A limited number of studies have explored the external load experienced in indoor sports such as ice hockey, and few the link between training and match performance. As a paucity exists within this topic, this study explored whether a simulated match design (i.e., scrimmage) could be representative of official match demands and elicit similar external loads as in official matches in a group of elite youth male ice hockey players.
A total of 26 players were monitored during eight official and four simulation matches using a Local Positioning System. Total distance, max velocity, slow (0–10.9 km/h), moderate (11–16.9 km/h), high (17.0–23.9 km/h), and sprint (>24 km/h) speed skating distance, distance per min, PlayerLoadTM, PlayerLoadTM per min, high-intensity events (HIEs) (>2.5 m/s−2), acceleration (ACCs), decelerations (DECs), and change of directions (CODs) were extracted from the tracking devices. A two-level regression analysis was conducted to compare the difference between match types when controlling for time on ice, match day, and position.

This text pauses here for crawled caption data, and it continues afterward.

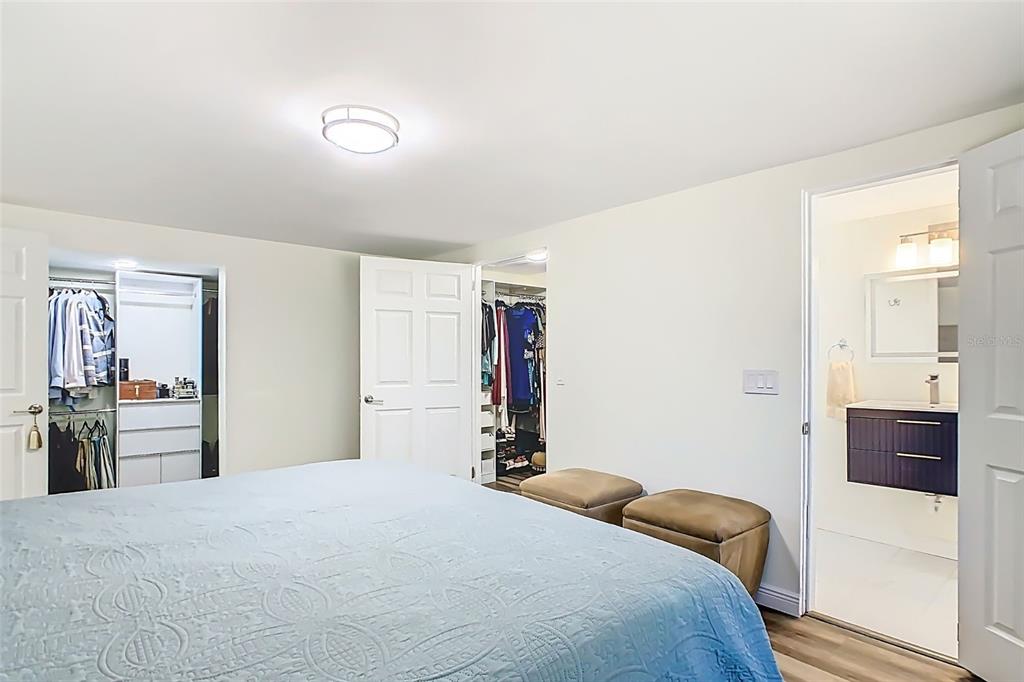 1700 South Miller Road Valrico, FL 33594 - Photo 21 of 53 a bedroom with a bed and a mirror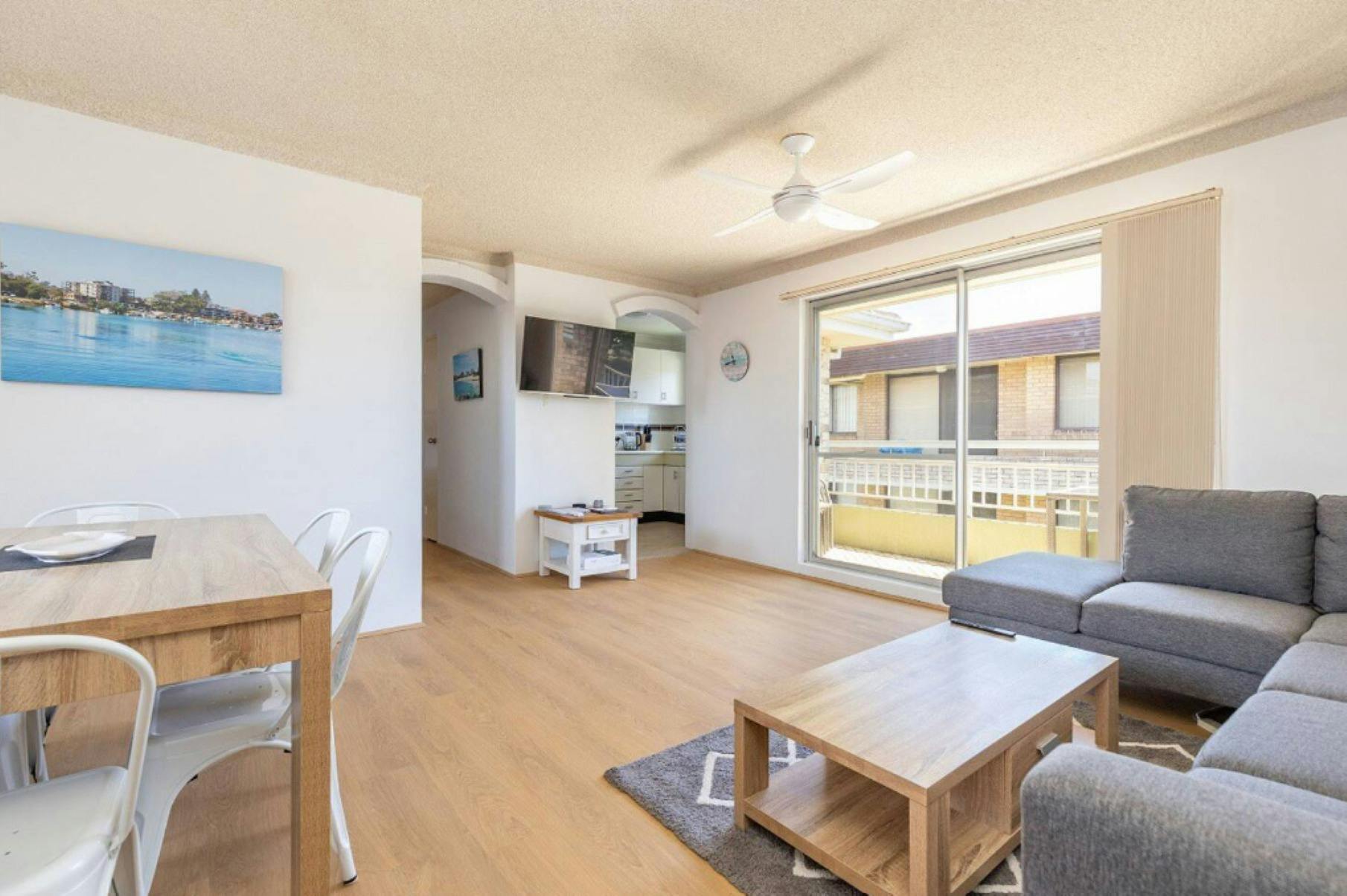 Lounge and dining with TV, ceiling fan, corner lounge and dining setting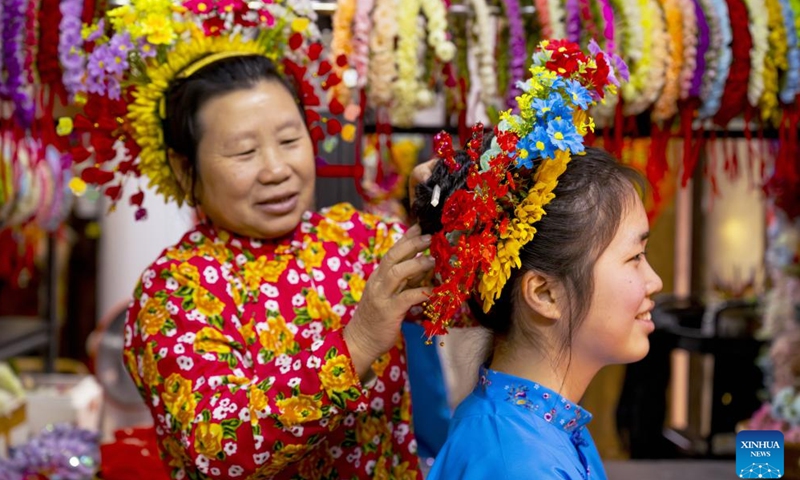 A villager pins a flowery headwear for a tourist at Xunpu Village of Quanzhou City, southeast China's Fujian Province, Jan. 26, 2024. (Xinhua/Wei Peiquan)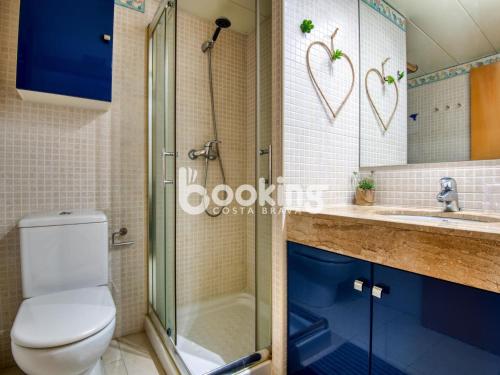 a bathroom with a toilet and a shower and a sink at Gavines del Port in Platja d'Aro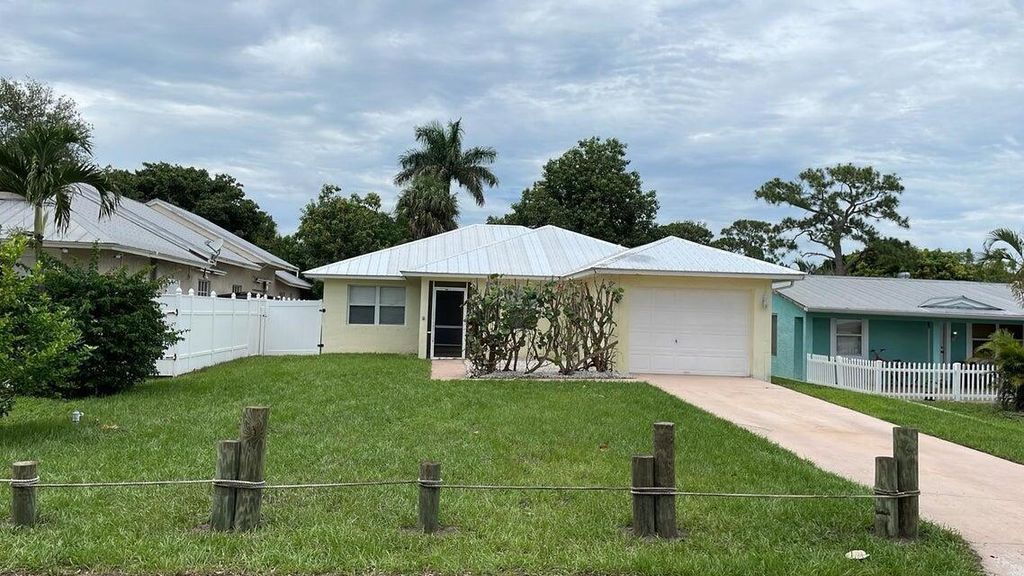 Photo of 1057 SW Spruce Street, Palm City, FL 34990 (MLS # R11157779)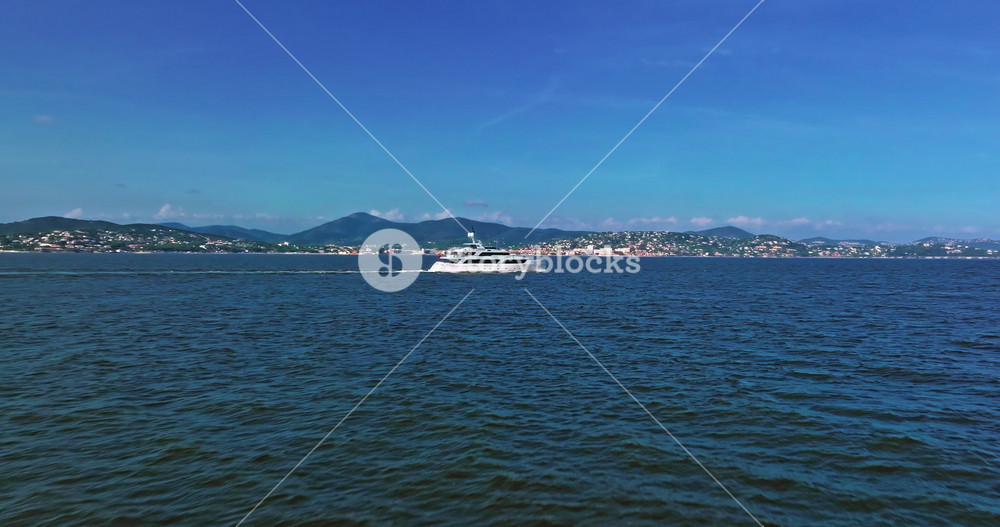 Aerial view tracking of beautiful modern white superyacht. Lifestyle luxury boat sailboat establishing aerial drone. Motor yacht in motion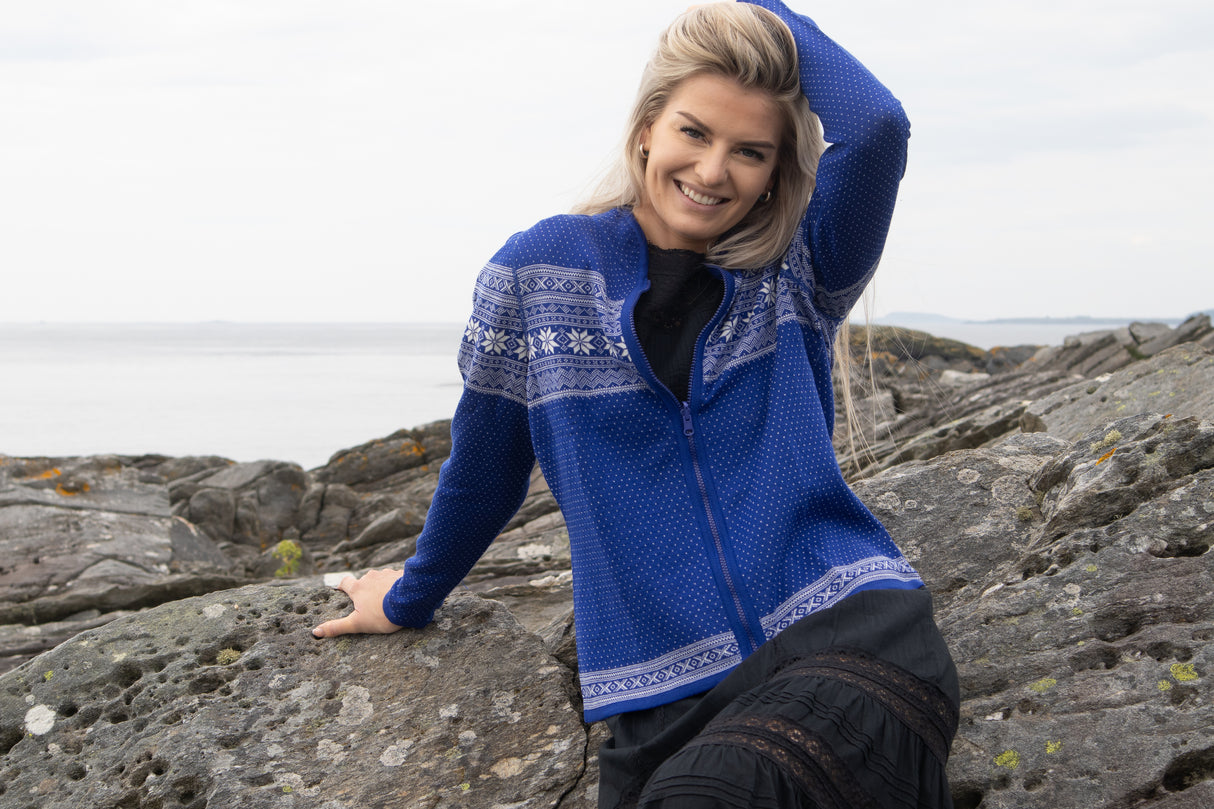 A woman in the Northern Story Setesdal Royal Blue Norwegian Design Wool Cardigan sits on rocky seaside terrain, smiling and resting her left hand on her head.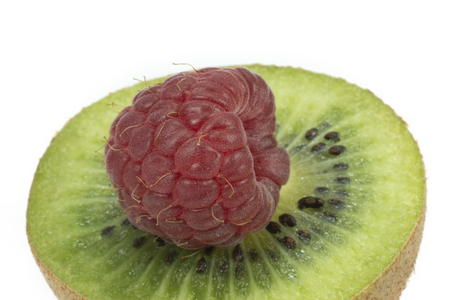 Red raspberry on green kiwi slice isolated on a white backgroundの写真素材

Between match-type results showed a credible difference in all variables except max velocity and ACCs. Distance per min was 27.3% higher during simulation matches and was explained by a 21.3, 24.1, and 14.8% higher distance in sprint-, high-, and moderate speed skating distance, while slow speed-skating distance was 49.2% lower and total distance only trivially different from official to simulation matches. Total PlayerLoadTM was 11.2% lower, while PlayerLoadTM per min was 8.5% higher during simulation matches. HIEs, CODs, and DECs were 10.0, 11.9, and 22.3% higher during simulation matches.
The simulated match design is related to official match demands with comparable match-time, playing time, number of shifts, and shift duration. However, simulation matches provoked a higher external load output compared with official matches, possibly explained by a more continuous movement design. A game-based simulation match design can therefore be utilized when match-related actions at high intensity are warranted.